Nielsen noted that 52% of lunch meat buyers spend the majority of their money on packaged items. While deli lunch meat buyers are a smaller group, they spend more overall. This could be a reflection either of higher prices at the deli area or the fact that deli shoppers tend to buy a greater quantity of product per trip.
There are also priority differences between deli and packaged lunch meat shoppers. Deli meat shoppers pay the most attention to flavor and customization, while the others find price and packaging to be the most important. Retailers should craft messages to reflect these differences and focus on the different groups' concerns.
Deli meat customers are already in one of the most popular areas of the store, offering seemingly endless possibilities for customization. According to a 2016 sales review of the deli counter published in Winsight Grocery Business, while more people are buying deli prepared foods, meats still comprise a fifth of deli counter sales. Meat cut to order for consumers gives the feel of customization and freshness.
Consumers are not only focused on fresh and healthy products, but they are increasingly looking for antibiotic-free, hormone-free and nitrate-free packaged and deli meats. Meat producers are responding this trend by developing the cleanest labels they can while still producing safe and affordable products — though prepackaged deli meats are often thought to contain more preservatives, sodium or chemicals.
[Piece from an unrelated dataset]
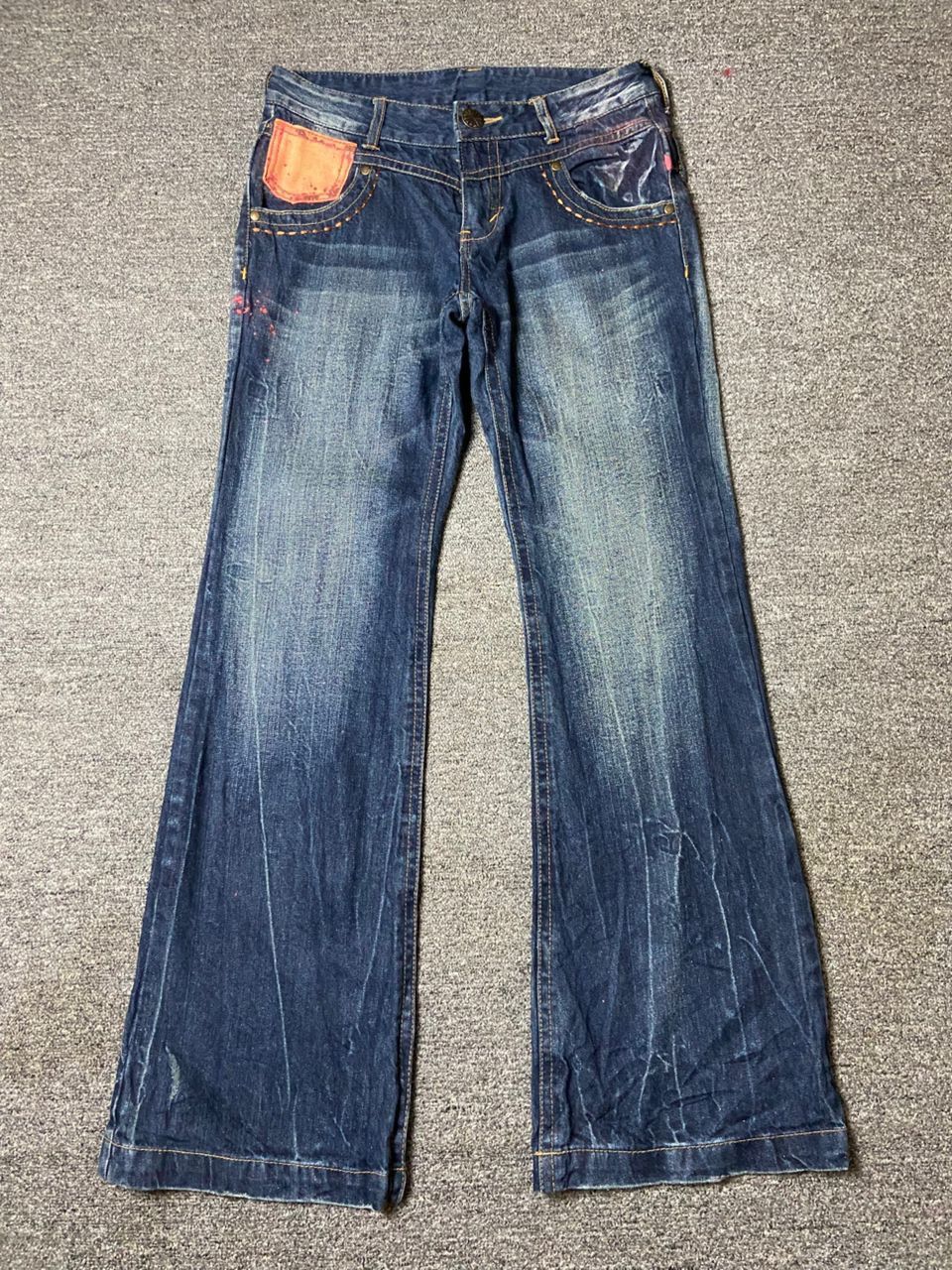 Japanese Brand Japanese Brand Distressed Denim Flare Jeans (143) Size US 30 / EU 46 - 2 Thumbnail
Changes to formulas and preservatives may not be enough if consumers don't understand what they mean. According to Label Insight, 35% of consumers don't purchase items if the ingredients confuse them, and 54% would pay more for products listing ingredients they understand. While ingredient lists are readily on the package for prepackaged meats, they're available behind the counter at the deli. Many common ingredients sound like they're more chemical than natural — and may detract potential buyers. Language on the labels and at the deli counter may help consumers understand what they may be buying.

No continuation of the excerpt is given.